_Exercise brief:_ In the data below, which lines hold the word "platform"? Copy them.

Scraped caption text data
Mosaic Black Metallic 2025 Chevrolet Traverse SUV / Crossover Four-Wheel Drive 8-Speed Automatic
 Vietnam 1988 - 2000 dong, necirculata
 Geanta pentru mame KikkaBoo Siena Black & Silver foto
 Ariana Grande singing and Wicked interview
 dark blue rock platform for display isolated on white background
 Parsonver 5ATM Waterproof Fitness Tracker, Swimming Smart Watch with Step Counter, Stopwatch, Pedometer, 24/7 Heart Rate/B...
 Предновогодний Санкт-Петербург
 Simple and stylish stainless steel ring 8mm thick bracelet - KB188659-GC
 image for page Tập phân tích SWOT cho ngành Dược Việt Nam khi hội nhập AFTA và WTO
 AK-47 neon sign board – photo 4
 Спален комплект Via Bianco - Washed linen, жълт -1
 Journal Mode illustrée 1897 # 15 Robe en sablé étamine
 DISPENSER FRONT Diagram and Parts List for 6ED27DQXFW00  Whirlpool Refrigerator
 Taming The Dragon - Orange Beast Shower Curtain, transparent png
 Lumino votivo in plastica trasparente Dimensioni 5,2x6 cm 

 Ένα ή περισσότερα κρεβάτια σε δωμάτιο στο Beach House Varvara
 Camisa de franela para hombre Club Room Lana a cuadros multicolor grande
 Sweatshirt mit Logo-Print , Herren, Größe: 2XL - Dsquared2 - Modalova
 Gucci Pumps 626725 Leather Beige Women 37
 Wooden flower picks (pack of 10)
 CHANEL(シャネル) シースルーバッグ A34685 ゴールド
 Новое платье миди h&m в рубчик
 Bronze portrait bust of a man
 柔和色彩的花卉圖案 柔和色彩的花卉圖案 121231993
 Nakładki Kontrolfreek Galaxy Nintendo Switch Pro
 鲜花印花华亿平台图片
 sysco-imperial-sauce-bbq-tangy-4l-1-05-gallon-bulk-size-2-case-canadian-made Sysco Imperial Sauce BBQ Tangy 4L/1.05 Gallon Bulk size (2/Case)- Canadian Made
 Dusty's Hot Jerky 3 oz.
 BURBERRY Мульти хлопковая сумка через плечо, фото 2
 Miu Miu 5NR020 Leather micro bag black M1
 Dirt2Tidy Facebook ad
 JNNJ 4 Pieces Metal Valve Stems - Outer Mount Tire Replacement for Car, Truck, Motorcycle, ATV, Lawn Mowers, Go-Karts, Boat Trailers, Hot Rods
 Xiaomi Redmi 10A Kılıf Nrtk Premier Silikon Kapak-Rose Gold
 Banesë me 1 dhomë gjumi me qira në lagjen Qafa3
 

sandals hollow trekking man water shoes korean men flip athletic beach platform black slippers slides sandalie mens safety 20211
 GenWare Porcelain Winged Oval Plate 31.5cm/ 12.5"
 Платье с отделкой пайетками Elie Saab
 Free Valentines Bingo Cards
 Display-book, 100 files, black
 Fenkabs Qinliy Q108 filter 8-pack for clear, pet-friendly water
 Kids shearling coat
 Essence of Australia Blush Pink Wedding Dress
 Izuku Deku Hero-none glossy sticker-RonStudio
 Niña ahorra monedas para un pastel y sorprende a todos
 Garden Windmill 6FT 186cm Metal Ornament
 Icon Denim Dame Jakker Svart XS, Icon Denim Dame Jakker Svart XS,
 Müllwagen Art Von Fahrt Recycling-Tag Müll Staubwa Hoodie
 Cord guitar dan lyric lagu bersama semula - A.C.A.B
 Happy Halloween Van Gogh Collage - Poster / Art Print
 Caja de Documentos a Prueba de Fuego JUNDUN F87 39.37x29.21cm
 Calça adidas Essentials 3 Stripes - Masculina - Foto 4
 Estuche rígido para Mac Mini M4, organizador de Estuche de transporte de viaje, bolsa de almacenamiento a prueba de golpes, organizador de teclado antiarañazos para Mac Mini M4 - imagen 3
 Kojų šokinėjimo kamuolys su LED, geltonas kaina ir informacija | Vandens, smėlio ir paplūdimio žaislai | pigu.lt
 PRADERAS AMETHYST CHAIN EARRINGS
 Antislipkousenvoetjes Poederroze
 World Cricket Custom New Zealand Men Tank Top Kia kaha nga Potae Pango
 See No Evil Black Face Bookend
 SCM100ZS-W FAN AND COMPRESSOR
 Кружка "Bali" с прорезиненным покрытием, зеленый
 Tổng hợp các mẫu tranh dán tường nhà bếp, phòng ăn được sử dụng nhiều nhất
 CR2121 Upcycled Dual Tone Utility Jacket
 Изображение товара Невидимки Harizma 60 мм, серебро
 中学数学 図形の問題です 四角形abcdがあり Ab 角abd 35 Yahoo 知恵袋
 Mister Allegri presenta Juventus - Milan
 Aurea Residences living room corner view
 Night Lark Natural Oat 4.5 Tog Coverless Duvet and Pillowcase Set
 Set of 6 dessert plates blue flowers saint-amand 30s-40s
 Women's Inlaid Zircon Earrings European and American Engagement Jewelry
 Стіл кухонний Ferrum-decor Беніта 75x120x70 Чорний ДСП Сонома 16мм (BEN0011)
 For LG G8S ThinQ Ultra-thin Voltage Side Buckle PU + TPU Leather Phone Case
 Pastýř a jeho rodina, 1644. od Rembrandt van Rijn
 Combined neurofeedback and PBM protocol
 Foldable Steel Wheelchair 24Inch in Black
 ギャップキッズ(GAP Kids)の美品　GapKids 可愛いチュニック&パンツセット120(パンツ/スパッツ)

_Reply:_
 dark blue rock platform for display isolated on white background
sandals hollow trekking man water shoes korean men flip athletic beach platform black slippers slides sandalie mens safety 20211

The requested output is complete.